I believe I have “learned” at least 15 new words in Mandarin, bringing my total vocabulary up to something like 17 words. I have not tabulated these words or written them down in any way. I feel that might be a waste of time and go a bit against the spirit of my experiment, especially if I were to go back to that list and study it. Of course, if I had spent nearly 8 hours using vocabulary lists or other traditional methods, perhaps I could have learned 50 or even 100 words by now. However, would I have the same contextual grasp of the terms? Probably not. Further, I doubt my brain would have become as accustomed to the phonemes, the tonality, and the cadence of the language as it did watching 8 hours of video. The final point—and this is the crux of my experiment—is that I believe my brain is working hard “in the background”; that while I have learned very little vocabulary, no grammar, no expressions, and so on, my brain is processing the language in ways I cannot be consciously aware of.

So, in sum, these first two weeks have been positive and have not shaken my belief in this approach. I have reflected a bit, however, by myself and with others, about some interrelated potential theoretical threats to the success of my methodology. Actually, in my mind, these theoretical threats are the only reasons that my hypotheses might be proved wrong, after all. Part of the rationale behind my methodology is that it imitates, to some degree, children’s natural learning process for obtaining oral comprehension, and I believe adults have the same inherent capacity for acquiring languages that children do, even if at a different pace.

However, there are some significant differences. The first I spelled out in my project description. Children mix listening with speaking, and then with reading and writing, as well. I believe that is the most effective method, whereas my methodology is exclusively listening. The second is that children are constantly corrected when they speak, and adjust their understanding accordingly. I will not be speaking and will never be corrected so it will be much more difficult for me to overcome a misunderstanding or adjust my comprehension. Finally, a broader point, which in a way encompasses the previous one. Children receive oral input that is modified so that they can understand it. The mother gesticulates, observes the child’s understanding or lack thereof, then alters the pitch of her voice, speaks more slowly and uses synonyms, further gesticulates or points to objects so that the child can understand. Foreign language teachers do much the same thing, as do, to some extent, everybody the child interacts with. I will have the benefit of none of this.
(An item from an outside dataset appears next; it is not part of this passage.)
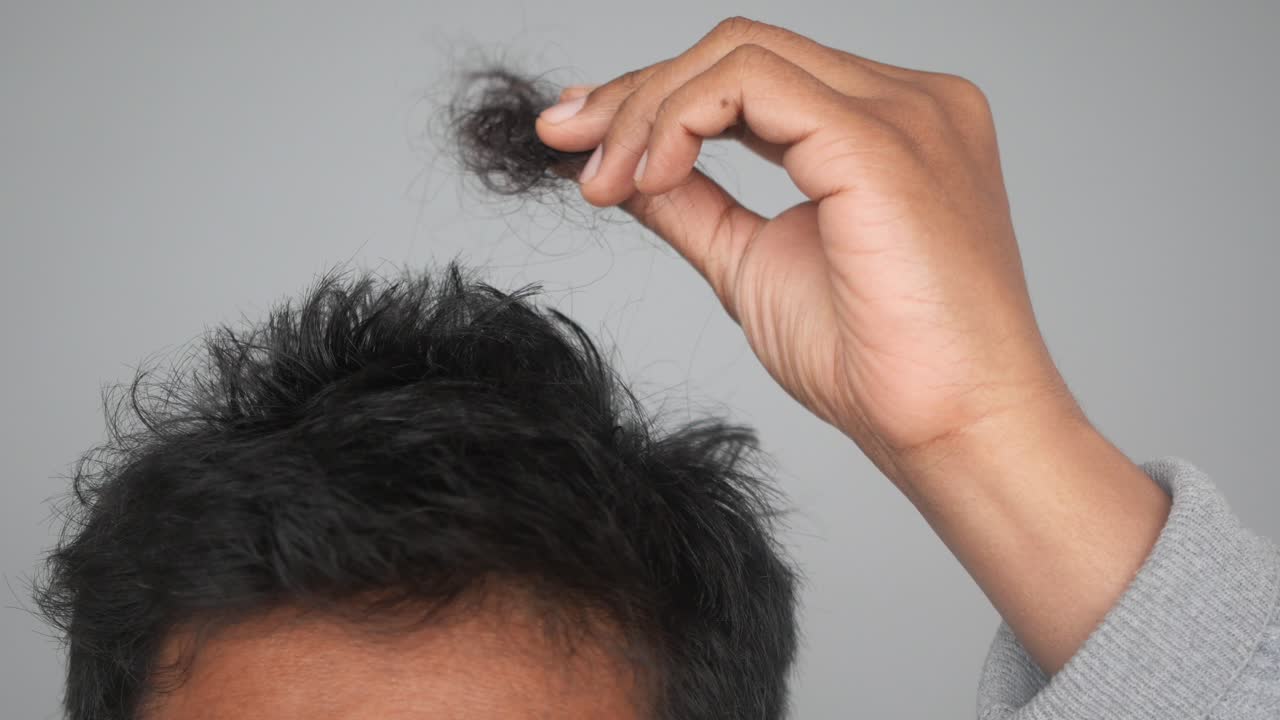 hombre examinando su pérdida de cabello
Aline Fidelis, who has a degree in Letters and is doing translation and editing work for NLI, told me there is actually a German linguist who calls this “modified input” and who says that language acquisition is impossible without it. If he is right, then my hypotheses will be proved wrong. I don’t have time to research language acquisition theory or applied linguistics in general (unfortunately, because I would probably really enjoy doing so), but I hope that linguists and linguistics students will access my blog and comment on different theoretical schools and why they would support or refute my hypotheses and approach.

I will also very much appreciate anybody who can give me suggestions of Mandarin Chinese video content that I can access online, especially, at this point, dubbed Hollywood movies (but no lessons or teaching material, since as part of my experiment I cannot take any lessons whatsoever—online or otherwise).

Oh, and for those of you who know Chinese (even if just a little), please do not include in your comments any words or anything that might constitute a type of lesson for me. Just opinions, theories, reflections, words of encouragement (or discouragement, since the naysayers often motivate me the most). Most of all, as I mentioned, I would appreciate academic/theoretical discussions on language acquisition or linguistics in general, as well as information on where to find videos online.